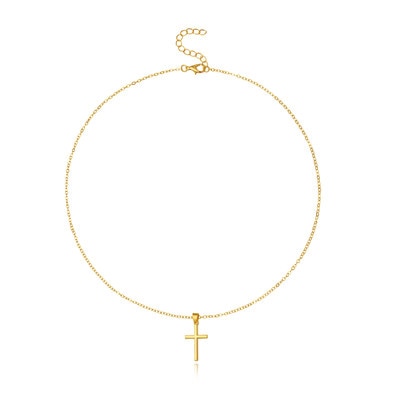 New Arrival  Cross Pendant Necklace Collier Femme Gold Silver Color Cross Choker Necklace Collar Jewelry XL226
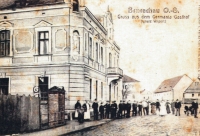 Dolní Benešov on a period postcard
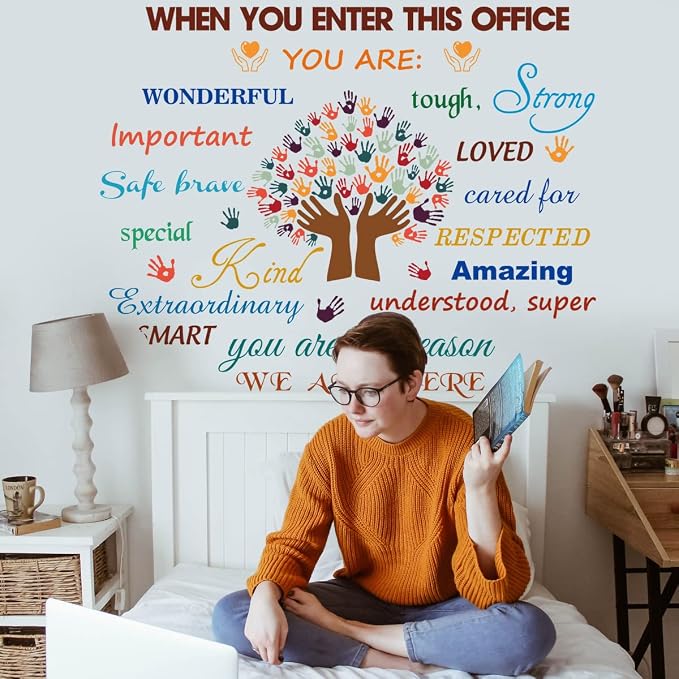 Inspirational Quotes Decals Peel and Stick Motivational Wall Decals Colorful Motivational Lettering Office Home Decor Wall Decoration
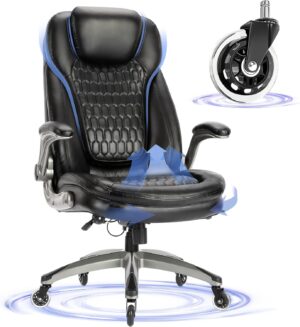 Executive Office Chair-Ergonomic Computer Desk Chair, High Back Leather Chair with Padded Flip-up Arms, Swivel Home Office Chair Upgraded Caster-Black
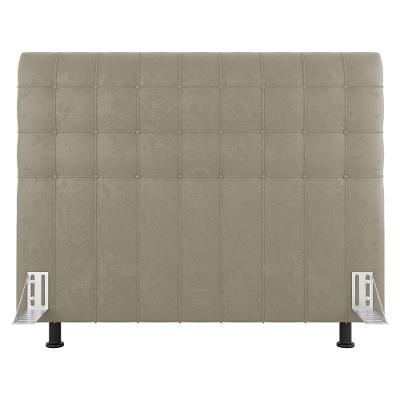 Cabeceira Cama Box Casal Queen Size Dahlia 160Cm Com Frame Suede Bege - Abmaza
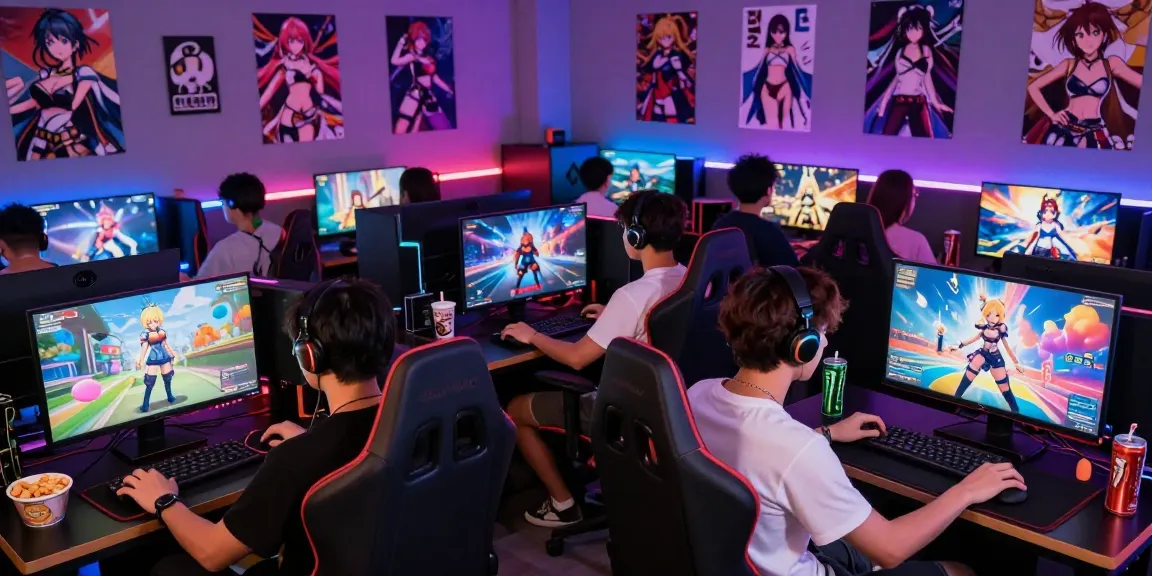 Gaming enthusiasts enjoying exciting hentai games in a vibrant lounge.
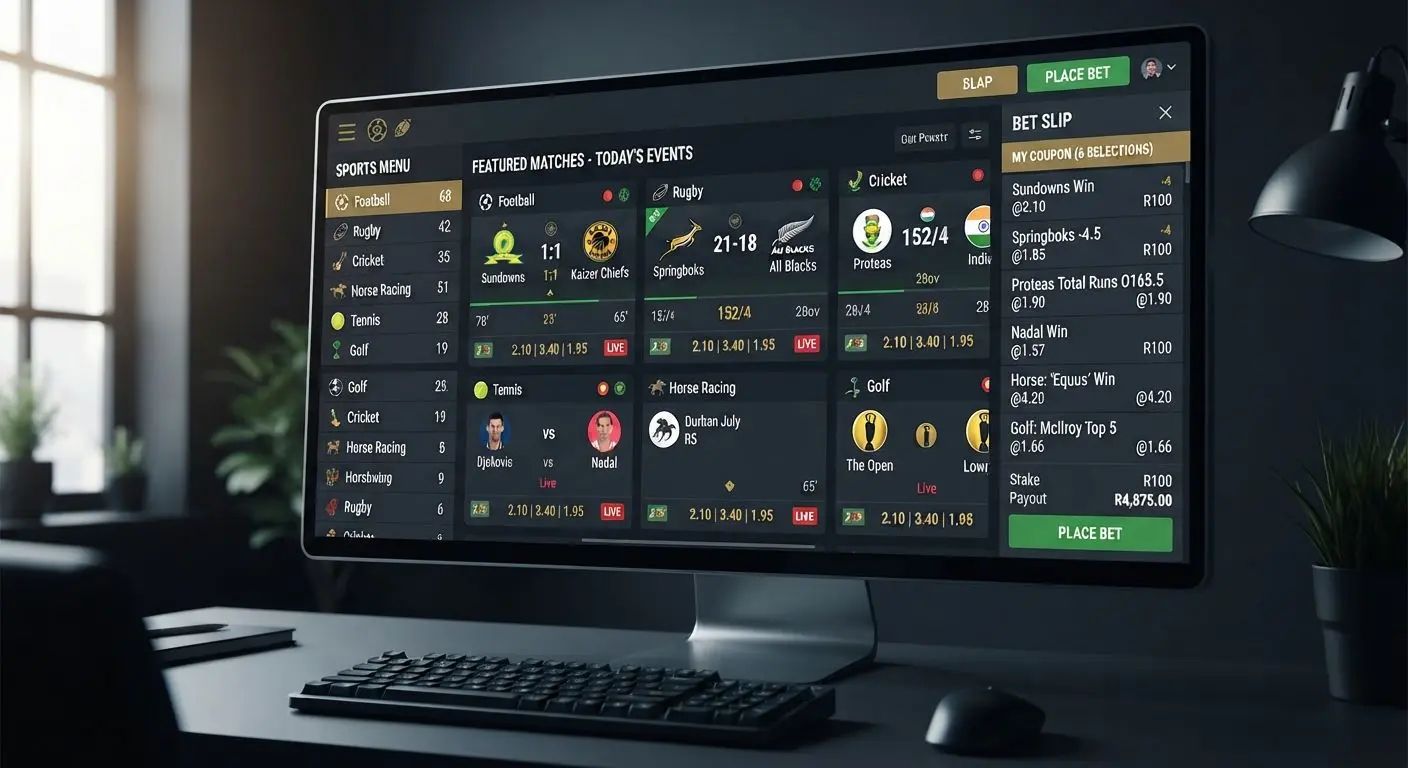 Sports section interface with coupon screen and popular South African sports categories
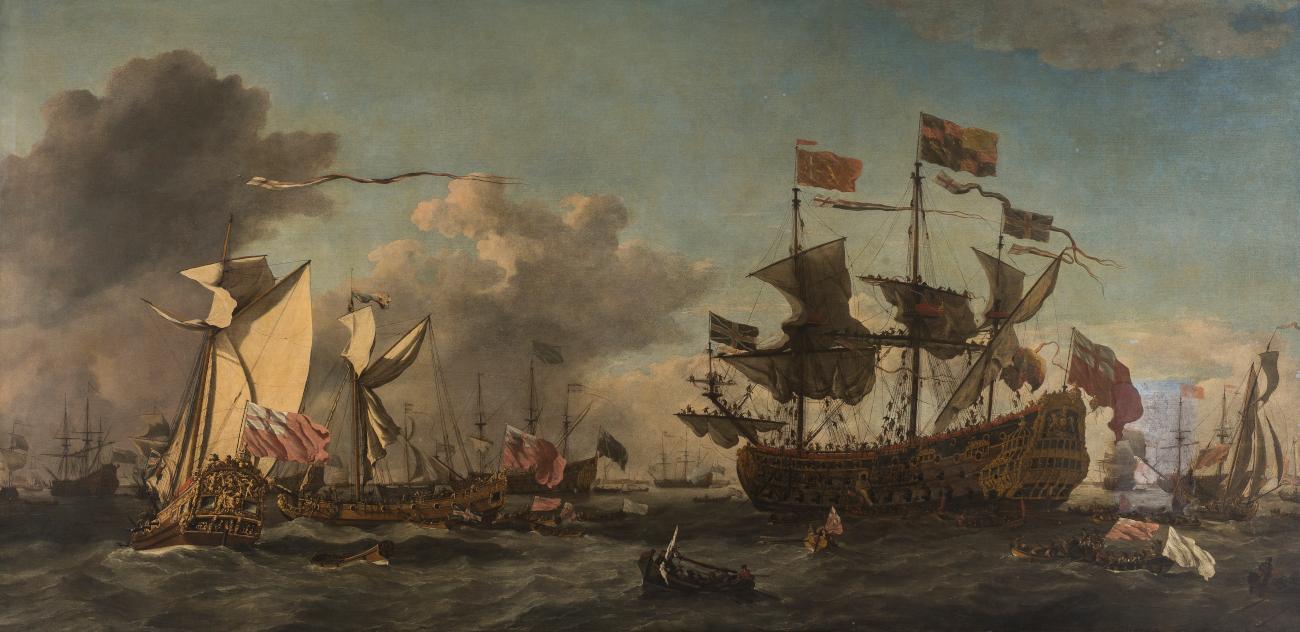 A large panoramic oil painting showing a naval scene, with Charles II's flagship on the right hand side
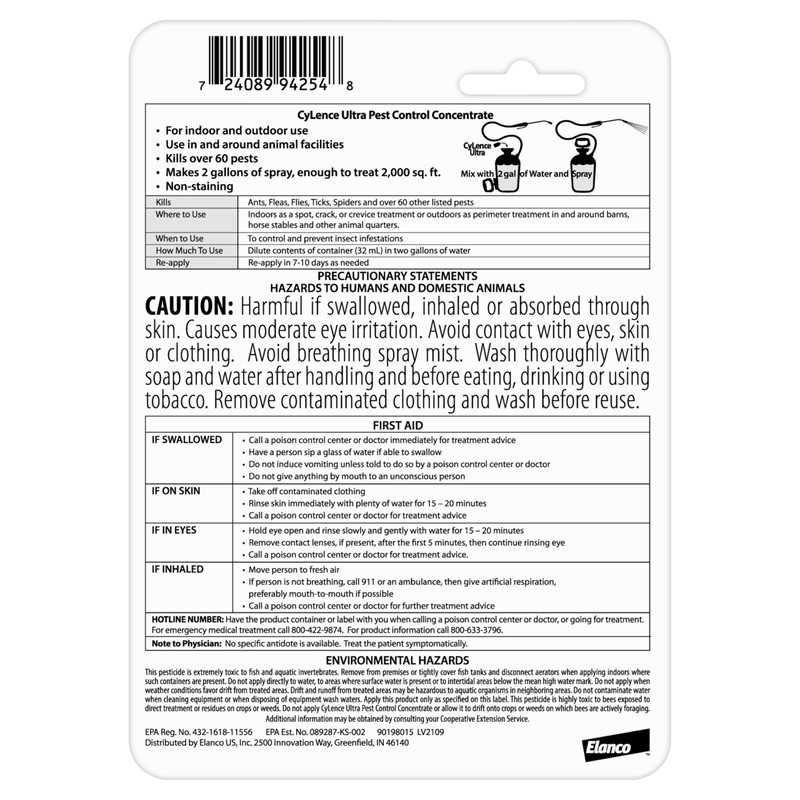 Elanco CyLence Ultra Pest Control Concentrate Indoor & Outdoor Insecticide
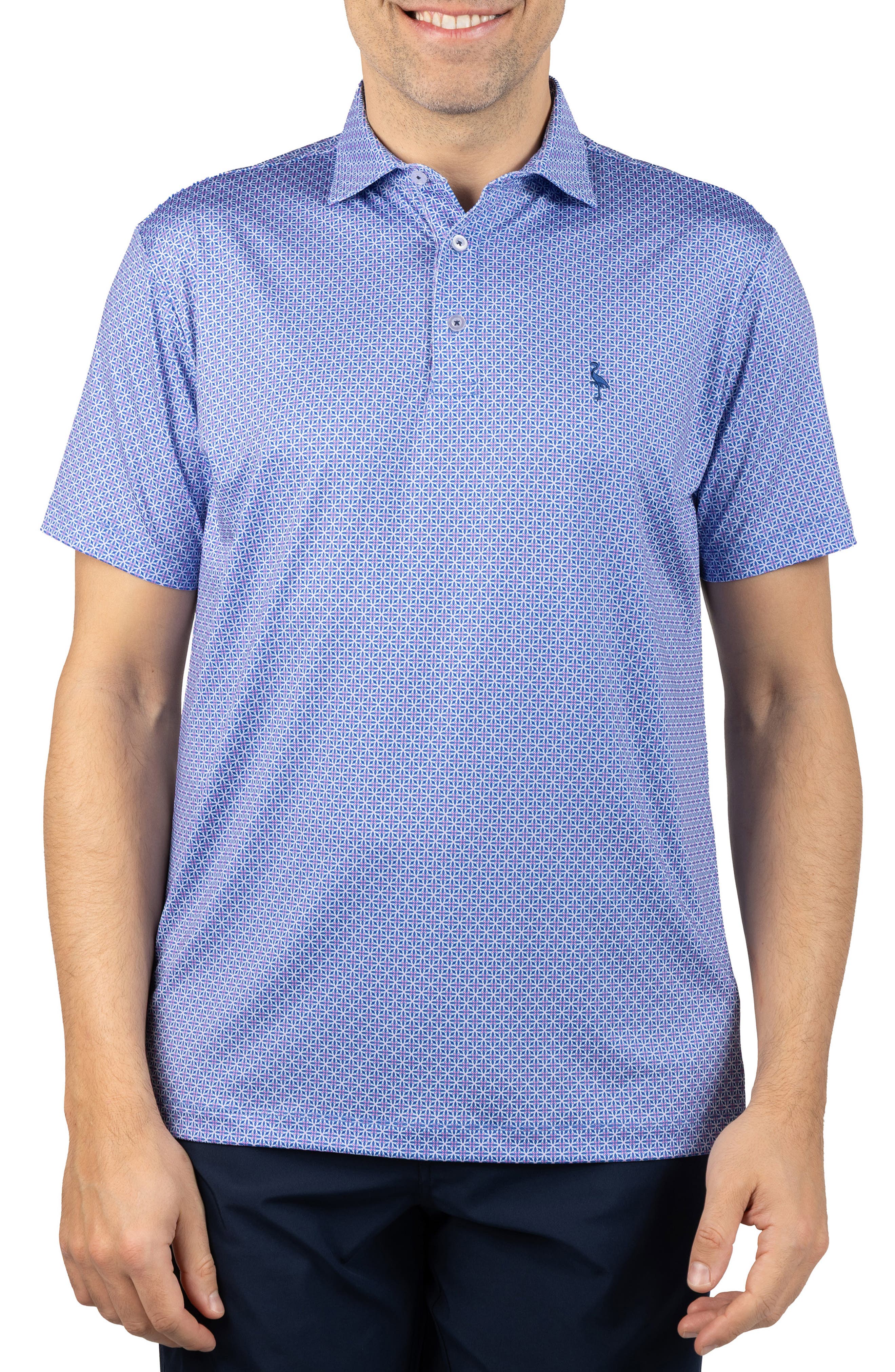 Geo Floral Performance Polo - image 3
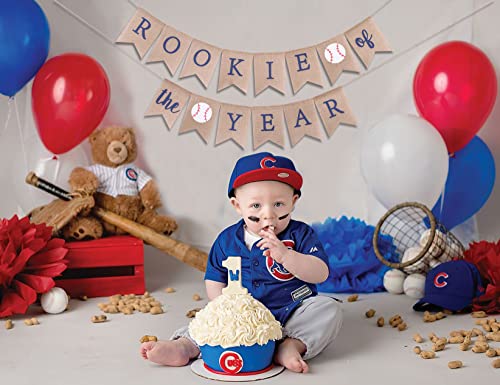 Rookie of the Year Burlap Banner - Rookie Year Birthday, Rookie of the Year,Baseball First 1st Birthday Decoration, Baseball Birthday Party Banner, Baseball Party Supplies (Rookie of the Year)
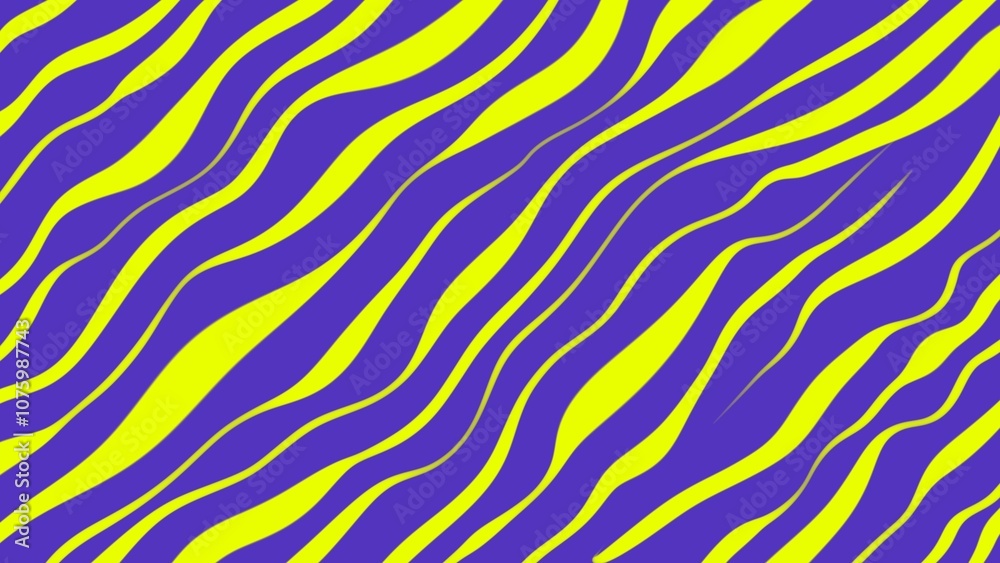 Purple background with yellow wavy stripes.
Purple background with yellow wavy stripes.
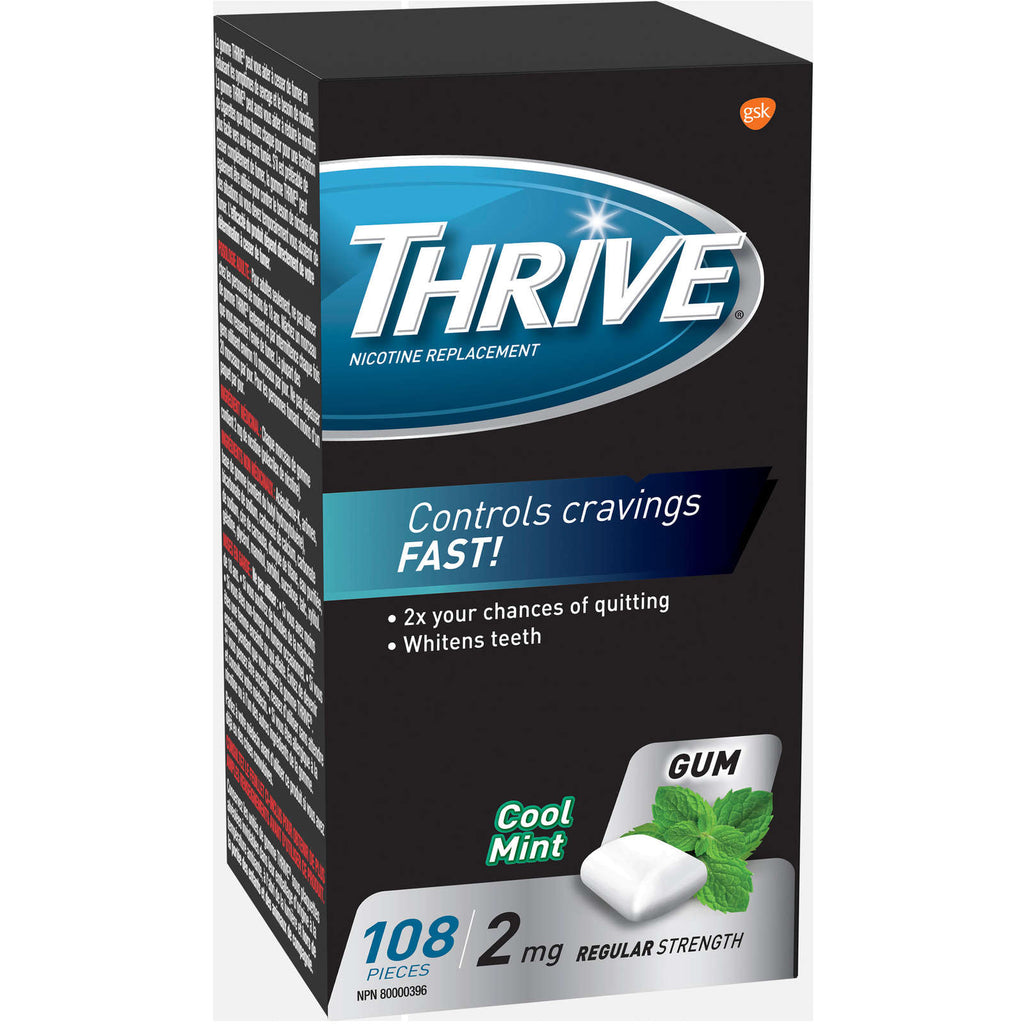 Thrive Gum 2mg Regular Strength Nicotine Replacement Cool Mint  108 count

————————

◆ **Work to complete**:
Write out again only the lines from the line that contains "Inspirational Quotes Decals" through the last line of the records, both ends included, without any of the pictures.

◆ **Result for this task**:
 Inspirational Quotes Decals Peel and Stick Motivational Wall Decals Colorful Motivational Lettering Office Home Decor Wall Decoration
 Executive Office Chair-Ergonomic Computer Desk Chair, High Back Leather Chair with Padded Flip-up Arms, Swivel Home Office Chair Upgraded Caster-Black
 Cabeceira Cama Box Casal Queen Size Dahlia 160Cm Com Frame Suede Bege - Abmaza
 Gaming enthusiasts enjoying exciting hentai games in a vibrant lounge.
 Sports section interface with coupon screen and popular South African sports categories
 A large panoramic oil painting showing a naval scene, with Charles II's flagship on the right hand side
 Elanco CyLence Ultra Pest Control Concentrate Indoor & Outdoor Insecticide
 Geo Floral Performance Polo - image 3
 Rookie of the Year Burlap Banner - Rookie Year Birthday, Rookie of the Year,Baseball First 1st Birthday Decoration, Baseball Birthday Party Banner, Baseball Party Supplies (Rookie of the Year)
 Purple background with yellow wavy stripes.
Purple background with yellow wavy stripes.
 Thrive Gum 2mg Regular Strength Nicotine Replacement Cool Mint  108 count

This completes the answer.